There’s more rain coming, but not sufficient to warrant a severe storm warning. It has, at least, cooled everything down, which is an advantage. I’ve never acclimatised to Brisbane’s weather—at least, not the warm weather.

So here we are, for the second-last episode of season four.

(And I tell a lie, apparently—there is still a severe storm warning for Brisbane City. But if the power goes out in the middle of the episode, I’ll cross that bridge when I come to it.)

(I’m giving a lecture on—partly, anyway—cliches tomorrow morning, and that always seems to have a detrimental effect on my writing. So keep an eye out for further cliches in this posting. I’m sure there’ll be plenty. Does that qualify as a cliche? It’s certainly not inspired writing.)

But all that’s beside the point—this is the first of the two-part story line that ends season four. I wonder what can possibly happen in this episode?

And here we are on earth—the Doctor panicking about what “Bad Wolf” can mean, but finding that nothing is wrong at all. Apparently.

Donna’s a bit stunned that she’s just met Rose, but the Doctor’s more worried about what Rose’s ability to travel between universes means for the health of the universes themselves.
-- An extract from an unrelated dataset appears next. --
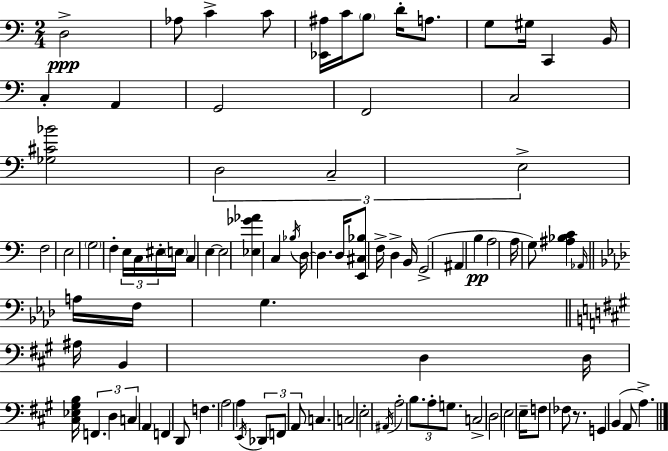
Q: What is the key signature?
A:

Of course, he leaves too early: things start going haywire as soon as he gets back in the TARDIS—and the Earth is gone. The TARDIS is fixed, but the Earth has vanished.

Oh, bless, Donna—she’s so free from jealousy, insisting to the Doctor that isn’t it a good thing that Rose is back? I’m not sure about that, myself—but we’ll see.

Martha! She’s in the U.S.

And Torchwood—still in Cardiff. Captain Jack dashing out to see what’s happened, while Ianto and Gwen boggle.

And Sarah Jane, with her adopted son and “Mr Smith,” the computer with the melodramatic fanfare.

And Donna’s family—and Martha, and Captain Jack, and Sarah Jane, all staring up at the sky.

And there’s Rose—and we pan up, following her eye line, to see a sky full of planets, hanging so close to the earth that you’d think we’d be pulled into one of them.

And, the world’s longest credit sequence!

Donna, practical as always, is worried that with the absence of the sun, everyone on earth will freeze to death. And the Doctor’s astonished by the power of the technology that could move the planet.

That’s a nice encapsulation of their differences.

Richard Dawkins! Say hello to Romana for me!

And the Doctor’s going to the Shadow Proclamation—that’s something we’ve been hearing about for several seasons, now. I’m looking forward to seeing how that pays off.

Damn—I can’t keep up with what’s happening. Now there’re two hundred spaceships heading straight for earth. Not that anyone would notice, because they’re all too busy looting the shops, getting drunk in the streets, and beating each other up.

Rose isn’t fussed, though—she’s carrying an enormous gun, so she’s perfectly secure.

Martha’s phoning Captain Jack, to see whether he’s heard from the Doctor. Martha’s on Project Indigo. It’s top secret, but Jack’s heard about it, because he met a soldier in a bar—strictly professional, he tells Ianto.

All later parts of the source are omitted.